++++ Excerpted records ++++

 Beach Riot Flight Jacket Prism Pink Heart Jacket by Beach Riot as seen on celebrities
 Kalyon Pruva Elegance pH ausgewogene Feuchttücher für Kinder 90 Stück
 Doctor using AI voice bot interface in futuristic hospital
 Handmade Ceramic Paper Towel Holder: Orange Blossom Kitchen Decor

++++
++++ Excerpted records ++++

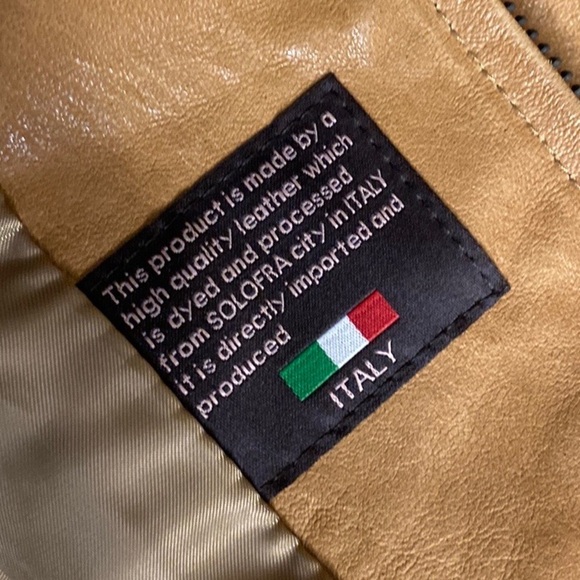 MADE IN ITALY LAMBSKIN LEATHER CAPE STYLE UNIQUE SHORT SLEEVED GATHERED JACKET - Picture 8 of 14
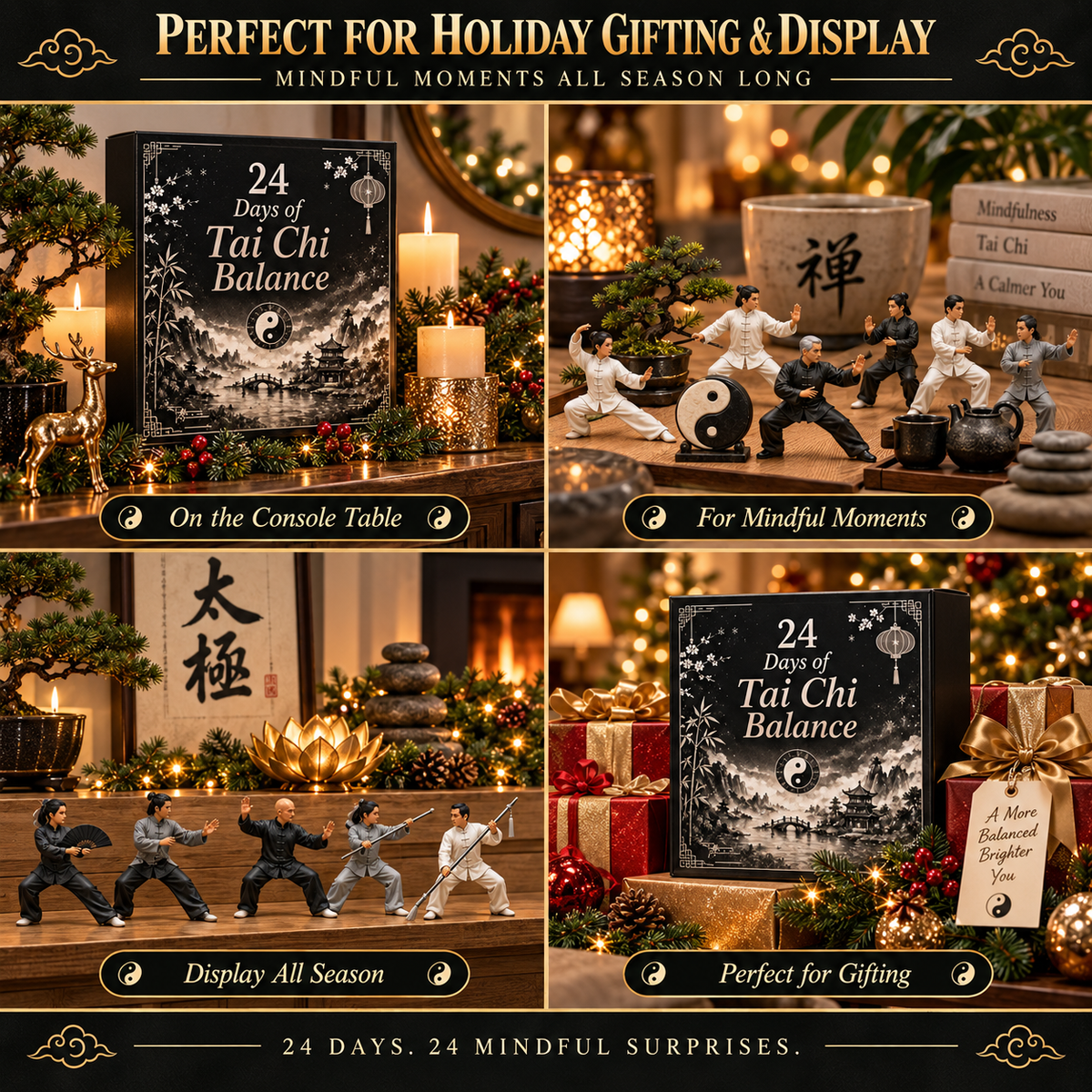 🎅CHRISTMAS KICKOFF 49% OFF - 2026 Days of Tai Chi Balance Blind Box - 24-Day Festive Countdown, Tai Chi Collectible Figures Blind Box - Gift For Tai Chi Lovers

++++

- The task
From the entries above, return exactly the line containing "Beach Riot Flight", the line containing "Handmade Ceramic Paper", and all lines between, and nothing else.

- Answer for the task
 Beach Riot Flight Jacket Prism Pink Heart Jacket by Beach Riot as seen on celebrities
 Kalyon Pruva Elegance pH ausgewogene Feuchttücher für Kinder 90 Stück
 Doctor using AI voice bot interface in futuristic hospital
 Handmade Ceramic Paper Towel Holder: Orange Blossom Kitchen Decor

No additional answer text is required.